(Problem description): Every entry must be given again exactly. Include no pictures.

_____

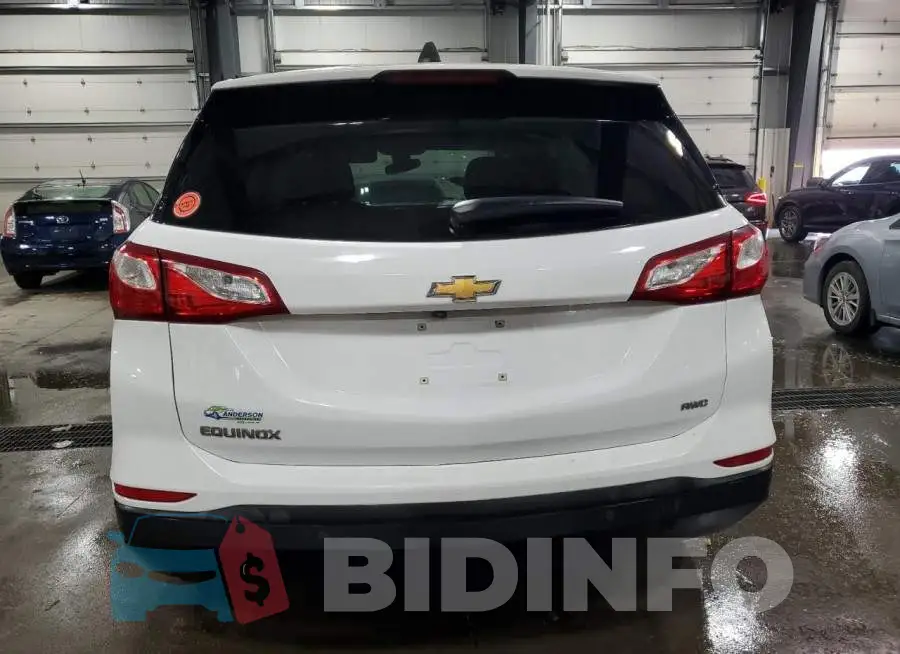 2GNAX5EV7L6128885 Photo# 6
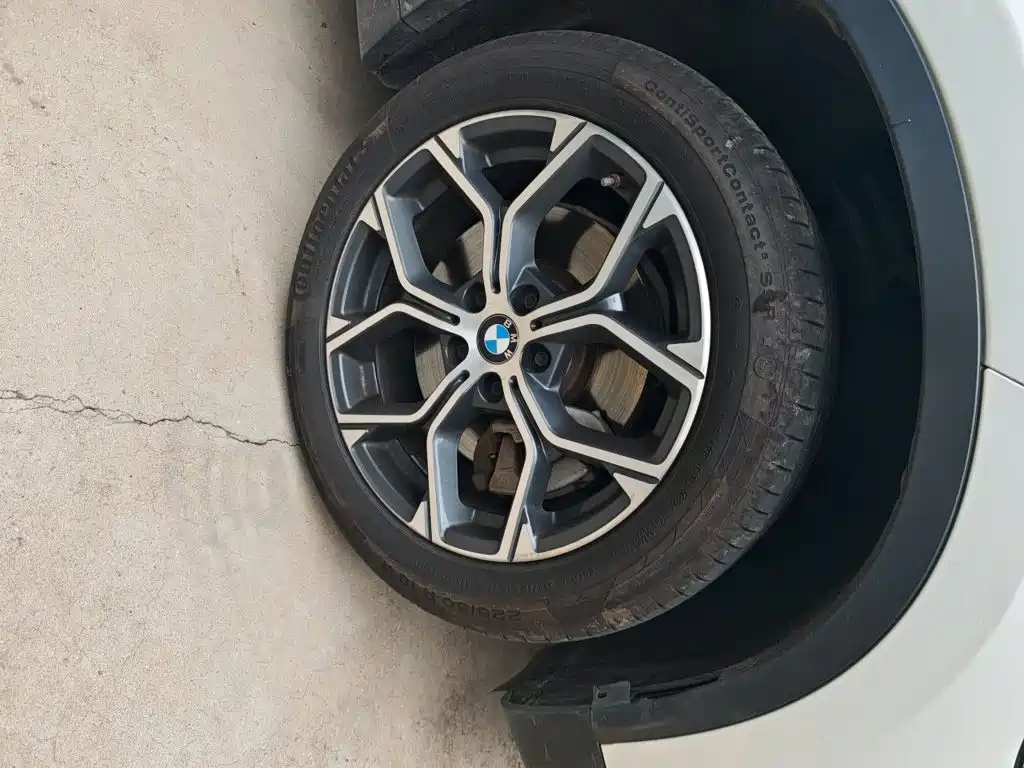 BMW X1 — миниатюра 24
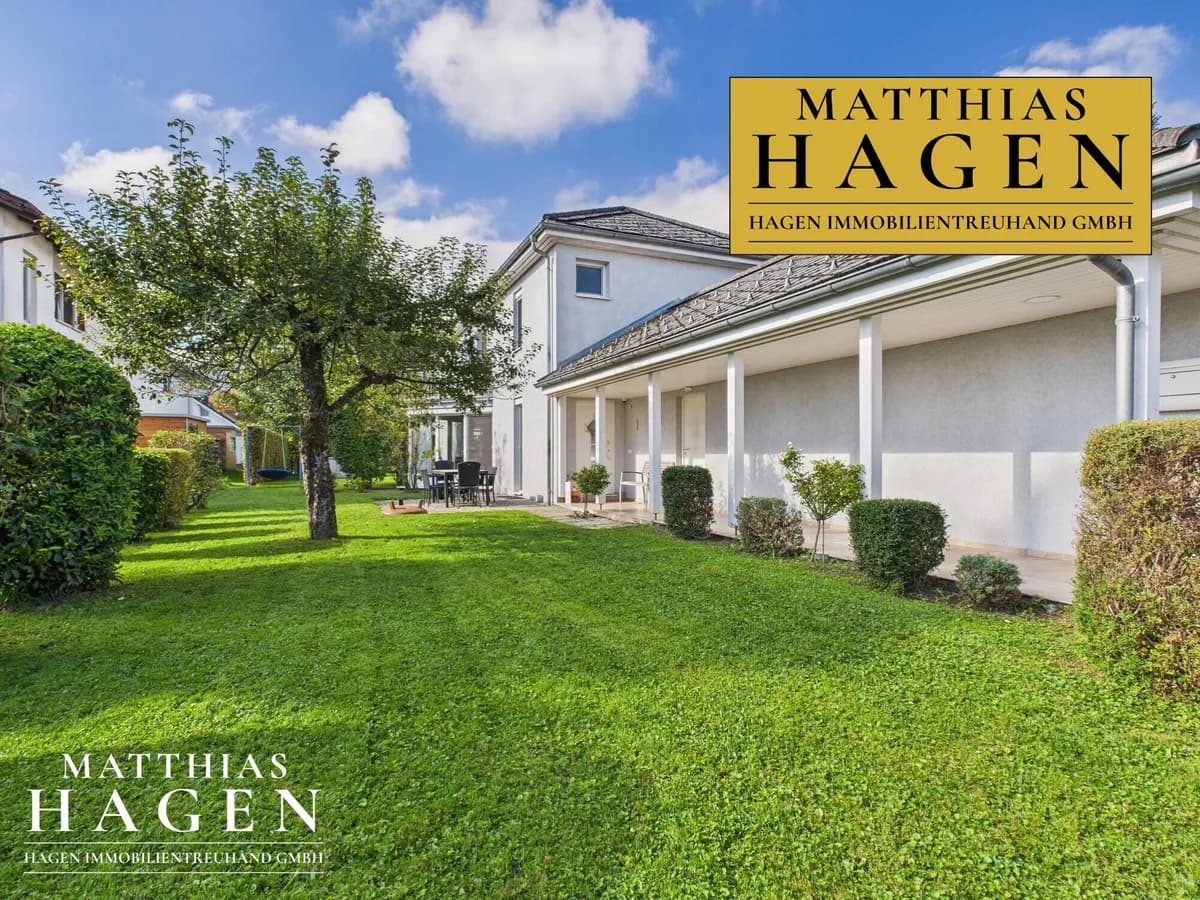 5-Zimmer-Haus kaufen in Bregenz – 129,26 m², € 1.400.000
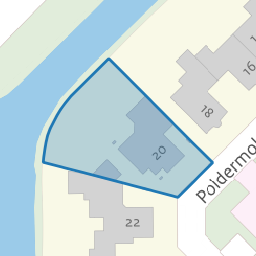 Perceel WEE01-C-2209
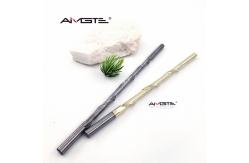 China Double Ended Wood Cutting Bit Uncoated CNC Router Bits For Wood supplier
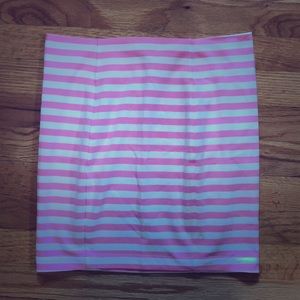 Betsey Johnson mini skirt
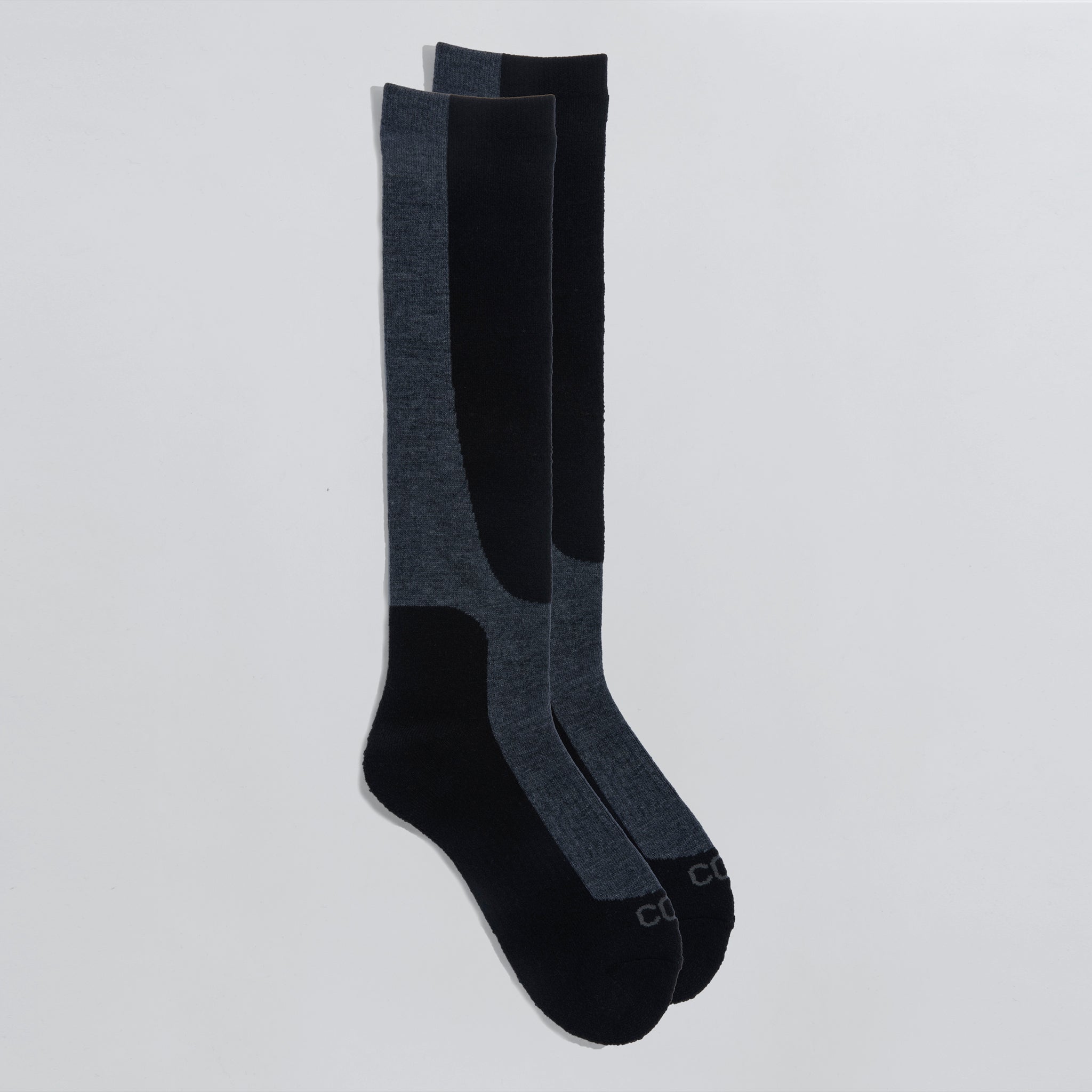 The Midweight Snow Sock – Wool Blend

_____

(Result):
 2GNAX5EV7L6128885 Photo# 6
 BMW X1 — миниатюра 24
 5-Zimmer-Haus kaufen in Bregenz – 129,26 m², € 1.400.000
 Perceel WEE01-C-2209
 China Double Ended Wood Cutting Bit Uncoated CNC Router Bits For Wood supplier
 Betsey Johnson mini skirt
 The Midweight Snow Sock – Wool Blend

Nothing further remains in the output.